PROBLEM →
What you return should be the lines from the first line of the records below through the line holding "Side view of white end table, simple design.", unchanged.

DATA PROVIDED →
━━━━━━

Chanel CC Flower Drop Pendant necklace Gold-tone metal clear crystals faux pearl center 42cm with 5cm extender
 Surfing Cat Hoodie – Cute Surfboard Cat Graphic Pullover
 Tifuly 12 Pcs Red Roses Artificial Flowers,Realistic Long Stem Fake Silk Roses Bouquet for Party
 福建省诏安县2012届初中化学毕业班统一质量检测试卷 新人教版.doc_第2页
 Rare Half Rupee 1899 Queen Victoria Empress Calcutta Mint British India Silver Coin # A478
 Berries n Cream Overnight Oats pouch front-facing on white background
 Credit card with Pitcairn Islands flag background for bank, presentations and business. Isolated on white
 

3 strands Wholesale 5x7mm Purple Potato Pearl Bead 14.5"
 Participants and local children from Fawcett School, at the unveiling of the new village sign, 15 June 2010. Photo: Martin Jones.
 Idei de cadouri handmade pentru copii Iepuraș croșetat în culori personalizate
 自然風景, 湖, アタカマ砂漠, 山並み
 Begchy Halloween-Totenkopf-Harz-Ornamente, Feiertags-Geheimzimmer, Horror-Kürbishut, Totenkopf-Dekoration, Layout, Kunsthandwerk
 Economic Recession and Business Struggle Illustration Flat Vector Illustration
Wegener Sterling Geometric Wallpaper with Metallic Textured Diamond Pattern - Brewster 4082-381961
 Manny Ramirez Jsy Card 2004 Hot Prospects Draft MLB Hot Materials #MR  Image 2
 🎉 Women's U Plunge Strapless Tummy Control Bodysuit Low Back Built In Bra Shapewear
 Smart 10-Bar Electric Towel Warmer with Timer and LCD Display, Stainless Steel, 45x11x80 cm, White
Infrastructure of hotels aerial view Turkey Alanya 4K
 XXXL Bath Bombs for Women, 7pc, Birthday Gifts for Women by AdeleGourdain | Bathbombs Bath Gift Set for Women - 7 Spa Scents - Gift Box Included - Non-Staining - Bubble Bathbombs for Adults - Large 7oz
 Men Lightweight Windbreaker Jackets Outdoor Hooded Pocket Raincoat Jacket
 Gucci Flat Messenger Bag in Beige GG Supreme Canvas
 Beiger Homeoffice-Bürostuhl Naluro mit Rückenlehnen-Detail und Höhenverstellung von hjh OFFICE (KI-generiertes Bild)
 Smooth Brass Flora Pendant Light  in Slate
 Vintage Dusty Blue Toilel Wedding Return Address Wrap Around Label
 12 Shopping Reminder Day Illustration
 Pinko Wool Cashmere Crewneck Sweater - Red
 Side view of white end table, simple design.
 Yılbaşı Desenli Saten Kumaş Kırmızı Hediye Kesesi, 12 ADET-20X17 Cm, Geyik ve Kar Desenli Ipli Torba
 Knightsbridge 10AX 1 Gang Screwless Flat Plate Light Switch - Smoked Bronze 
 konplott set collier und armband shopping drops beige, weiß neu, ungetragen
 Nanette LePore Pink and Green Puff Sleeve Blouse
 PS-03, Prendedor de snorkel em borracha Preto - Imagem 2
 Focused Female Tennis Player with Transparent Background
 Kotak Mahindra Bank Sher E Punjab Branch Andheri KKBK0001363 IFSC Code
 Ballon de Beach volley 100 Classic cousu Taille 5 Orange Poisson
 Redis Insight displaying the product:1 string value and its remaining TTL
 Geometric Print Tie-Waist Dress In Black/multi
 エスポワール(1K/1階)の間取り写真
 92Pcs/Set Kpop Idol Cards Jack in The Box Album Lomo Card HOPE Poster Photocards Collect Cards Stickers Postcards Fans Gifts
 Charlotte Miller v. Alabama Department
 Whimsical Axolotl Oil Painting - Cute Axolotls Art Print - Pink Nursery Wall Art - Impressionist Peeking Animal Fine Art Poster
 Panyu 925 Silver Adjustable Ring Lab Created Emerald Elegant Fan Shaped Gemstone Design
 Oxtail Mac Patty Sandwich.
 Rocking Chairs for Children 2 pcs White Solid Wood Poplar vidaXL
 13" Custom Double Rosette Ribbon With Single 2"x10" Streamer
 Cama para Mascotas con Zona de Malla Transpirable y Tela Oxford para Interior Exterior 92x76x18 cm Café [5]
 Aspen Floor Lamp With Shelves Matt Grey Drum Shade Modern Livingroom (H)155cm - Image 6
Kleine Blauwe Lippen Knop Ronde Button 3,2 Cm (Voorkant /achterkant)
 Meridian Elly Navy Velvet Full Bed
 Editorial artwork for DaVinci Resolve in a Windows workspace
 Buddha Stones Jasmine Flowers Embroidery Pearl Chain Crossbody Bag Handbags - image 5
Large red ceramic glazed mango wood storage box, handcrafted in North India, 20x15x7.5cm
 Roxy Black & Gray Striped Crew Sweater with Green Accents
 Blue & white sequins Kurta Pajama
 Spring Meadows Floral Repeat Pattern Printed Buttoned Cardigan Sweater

━━━━━━

SOLUTION TO THIS PROBLEM →
Chanel CC Flower Drop Pendant necklace Gold-tone metal clear crystals faux pearl center 42cm with 5cm extender
 Surfing Cat Hoodie – Cute Surfboard Cat Graphic Pullover
 Tifuly 12 Pcs Red Roses Artificial Flowers,Realistic Long Stem Fake Silk Roses Bouquet for Party
 福建省诏安县2012届初中化学毕业班统一质量检测试卷 新人教版.doc_第2页
 Rare Half Rupee 1899 Queen Victoria Empress Calcutta Mint British India Silver Coin # A478
 Berries n Cream Overnight Oats pouch front-facing on white background
 Credit card with Pitcairn Islands flag background for bank, presentations and business. Isolated on white
 

3 strands Wholesale 5x7mm Purple Potato Pearl Bead 14.5"
 Participants and local children from Fawcett School, at the unveiling of the new village sign, 15 June 2010. Photo: Martin Jones.
 Idei de cadouri handmade pentru copii Iepuraș croșetat în culori personalizate
 自然風景, 湖, アタカマ砂漠, 山並み
 Begchy Halloween-Totenkopf-Harz-Ornamente, Feiertags-Geheimzimmer, Horror-Kürbishut, Totenkopf-Dekoration, Layout, Kunsthandwerk
 Economic Recession and Business Struggle Illustration Flat Vector Illustration
Wegener Sterling Geometric Wallpaper with Metallic Textured Diamond Pattern - Brewster 4082-381961
 Manny Ramirez Jsy Card 2004 Hot Prospects Draft MLB Hot Materials #MR  Image 2
 🎉 Women's U Plunge Strapless Tummy Control Bodysuit Low Back Built In Bra Shapewear
 Smart 10-Bar Electric Towel Warmer with Timer and LCD Display, Stainless Steel, 45x11x80 cm, White
Infrastructure of hotels aerial view Turkey Alanya 4K
 XXXL Bath Bombs for Women, 7pc, Birthday Gifts for Women by AdeleGourdain | Bathbombs Bath Gift Set for Women - 7 Spa Scents - Gift Box Included - Non-Staining - Bubble Bathbombs for Adults - Large 7oz
 Men Lightweight Windbreaker Jackets Outdoor Hooded Pocket Raincoat Jacket
 Gucci Flat Messenger Bag in Beige GG Supreme Canvas
 Beiger Homeoffice-Bürostuhl Naluro mit Rückenlehnen-Detail und Höhenverstellung von hjh OFFICE (KI-generiertes Bild)
 Smooth Brass Flora Pendant Light  in Slate
 Vintage Dusty Blue Toilel Wedding Return Address Wrap Around Label
 12 Shopping Reminder Day Illustration
 Pinko Wool Cashmere Crewneck Sweater - Red
 Side view of white end table, simple design.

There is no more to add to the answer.